Plk2-null lesions are less differentiated and exhibit decreased expression of estrogen and progesterone receptors
To further characterize the lesions in Plk2+/+ and Plk2-/- parous mammary glands, K8 and K5 immunofluorescent staining was used to examine organization of the luminal and basal epithelial layers. Plk2+/+ lesions displayed intact K5+ myoepithelial cell layers surrounding the K8+ luminal compartments, indicating the proper organization of the two epithelial compartments (Fig. 6A). In stark contrast, Plk2-/- lesions lacked proper epithelial organization. Both K5+ cells, as well as cells that were double-positive for K8+/K5+ were observed, within the lumens of the ducts (Fig. 6B). Quantitation of Plk2+/+ revealed there were no double-positive cells present in lesions and Plk2-/- had 4% of total cells in lesions that were positive for K8 and K5 (supplementary material Fig. S7B). Collectively, these results suggest that lesions that arise as a consequence of Plk2 loss appear less differentiated, perhaps as an expansion of a multipotent progenitor population.
Because loss of estrogen and progesterone often is associated with a less differentiated status of mammary epithelium (Lapidus et al., 1998) the estrogen receptor (ER) and progesterone receptor (PR) status of the parous lesions was investigated by immunohistochemical staining.

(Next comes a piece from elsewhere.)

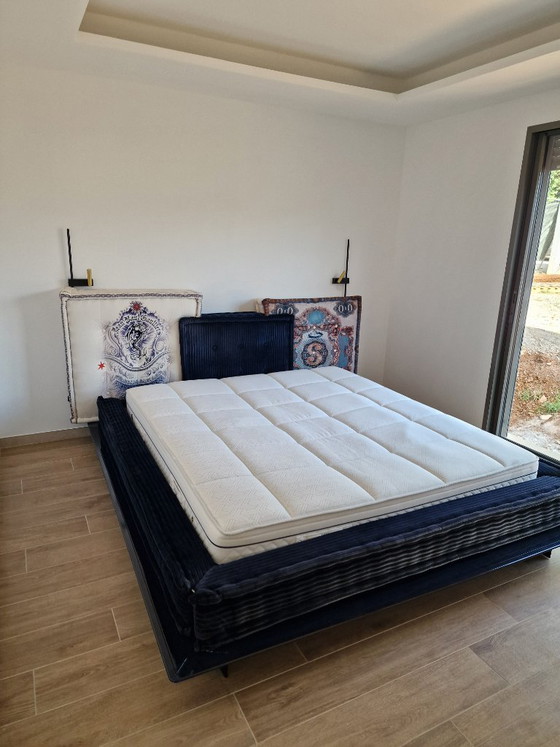 Roche Bobois Mah Jong Bed 180x200 + 2 bedside tables – Double beds, Wood (photo 2 of 5)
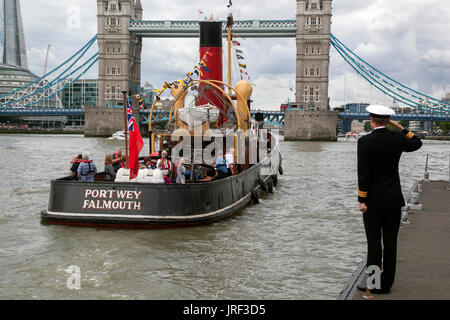 Londra, Regno Unito. 04 Ago, 2017. Storico rimorchiatore a vapore Portway (1927) ha visitato il presidente HMS base vicino al Tower Bridge London REGNO UNITO. La nave che ha lavorato con il British Navey nella seconda guerra mondiale è stato salutato bu il comandante di base 04/08/2017 Credit: Martyn Goddard/Alamy Live News Foto Stock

The Plk2+/+ lesions maintained expression of ER and PR in the luminal epithelial cells (Fig. 6C,E), whereas Plk2-/- lesions showed a prominent decrease of ER expression and a decrease in the number of cells expressing PR (Fig. 6D,F; supplementary material Fig S7C,D). These data further suggest that lesions that arise as a consequence of Plk2 loss exhibit a less differentiated phenotype.
DISCUSSION
In this study, we identified a novel role for Plk2 in regulating mammary gland development. In the absence of Plk2, we observed increased proliferation of MECs, hyperbranching of the ductal tree and a transient delay in ductal elongation. Levels of apoptosis were not significantly altered and hyperplastic lesions or tumors were not observed in virgin mice, despite the increase in proliferation in Plk2-/- mammary glands. This indicates that any increase in cell number that might occur due to the increase in proliferation is possibly compensated for by removal of cells from ductal lumens sometime after 16 weeks and prior to lactation, as has been observed in several other knockout mice models by an unknown mechanism (Mailleux et al., 2007; Moraes et al., 2009). We were able to recapitulate the ductal elongation, hyperbranching and proliferative phenotypes in transplantation studies into wild-type fat pads, indicating that the alterations in ductal elongation, increase in branching and increase in proliferation are a consequence of Plk2 loss specifically in the epithelium. Additionally, we find that the proliferative phenotype is observed in transplants during pubertal development and although there are more proliferating cells in Plk2-/- upon completion of development, these differences were not statistically significant. The maintenance of proliferation in post-pubertal development in the endogenous gland may be due to alterations in systemic hormonal regulation present only in the germline knockout. Interestingly, expression profiling of Plk2-null MECs showed alterations in key genes involved in regulating the mitotic spindle. Moreover, we found that Plk2 is required to maintain the integrity of the ductal epithelium, as loss of Plk2 led to mitotic spindle misorientation and disruption of apical-basal polarity in the luminal epithelium. Finally, we observed an increased number of lesions in multiparous Plk2-null mammary glands, providing evidence for the role of Plk2 in suppression of mammary tumorigenesis.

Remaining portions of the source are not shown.